I built a barn, sheds and siding all out of D-fir. I have a woodmizer in Langley. Yeah, 2 hours sawing is about all you get before a sharpen. D-fir has a lot of sap, and that thick bark holds plenty of dirt. So much of it around though and so straight! Blades of course being what everyone talks about. Just have to accept the blade cost when milling. If you're in the lower mainland we should talk.


----------



## FJH (Nov 14, 2006)

*Blades*



treemendous said:


> I built a barn, sheds and siding all out of D-fir. I have a woodmizer in Langley. Yeah, 2 hours sawing is about all you get before a sharpen. D-fir has a lot of sap, and that thick bark holds plenty of dirt. So much of it around though and so straight! Blades of course being what everyone talks about. Just have to accept the blade cost when milling. If you're in the lower mainland we should talk.

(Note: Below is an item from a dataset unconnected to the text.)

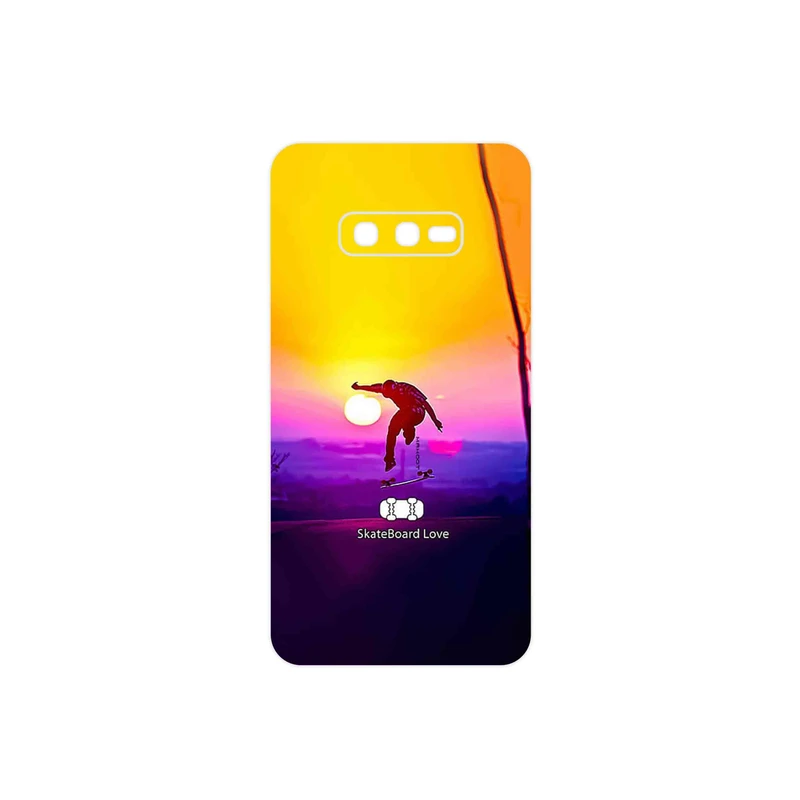 برچسب پوششی ماهوت مدل Skateboard مناسب برای گوشی موبایل سامسونگ Galaxy S10e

I live on the Island! I thought maybe it was somthing I was doing wrong!
I,m building a shop right now and am planing on a house next year so I got alot of floor joists and studs to make yet I use the chain saw mill to make the cants so the wood stays clean and Because its more reliable size wise but it only will cut up to 16 feet the band mill I made will cut 24 in a pinch and I can do the cants with it but i can't rely on the blade staying sharp long enough to do to many straight boards!I just bought some accutrac guide rollers from Cooks Saws and will be installing them shortly will see if that helps get a little more life and reliability out of the blade!I also have a Simmons blade coming from cooks wich is Suposed to hold is edge a bit better! we'll see!
Do you sharpen your own?Have you tried any other blades other than wood miser?

Fred


----------



## oldsaw (Nov 14, 2006)

Fred, if dirt is your problem, then changing blades isn't going to help much. You may end up cutting a cant with one blade, then changing to do the boards. Some of the fancy schmancy mills have a little round blade that cuts the bark off before the bandsaw blade gets there. May have to get creative again.

Mark


----------



## aggiewoodbutchr (Nov 14, 2006)

I imagine milling DF is a lot like SYP. I've milled it both green with the bark on and somewhat dry after the bark has slipped. Typically I get 3 to 4 times more lumber milled with one blade when the bark is off, especially in the but logs. Also there's a whole lot less fine saw dust floating around. I've thought about getting one of those log wizards to knock the bark off along the cut line when I'm canting the log but I'm not sure if it would be worth the time it would take.


----------



## woodshop (Nov 14, 2006)

aggiewoodbutchr said:


> I've thought about getting one of those log wizards to knock the bark off along the cut line when I'm canting the log but I'm not sure if it would be worth the time it would take.


Thought of this also aggie... as I too find my little Ripsaw blades last WAY longer when I keep out of bark. At least twice as long, often more. If I just do the math, it will pay for itself in less than a year in lower blade cost. But then it's yet another thing to pack, another saw to keep maintained and carry to the milling site, etc etc. I'm trying to simplify, not expand.


----------



## FJH (Nov 15, 2006)

oldsaw said:


> Fred, if dirt is your problem, then changing blades isn't going to help much. You may end up cutting a cant with one blade, then changing to do the boards. Some of the fancy schmancy mills have a little round blade that cuts the bark off before the bandsaw blade gets there. May have to get creative again.
> 
> Mark


Mark as I said I cant the logs with the chain saw mill when possible dirt is not the issue here!The cants are vertuly clean!If I have to run a hole log thru on the band (17 ft or longer) I have a set of wheels I attach to the log to avoid dragging them to the mill!Dirt is definatly not the issue!


----------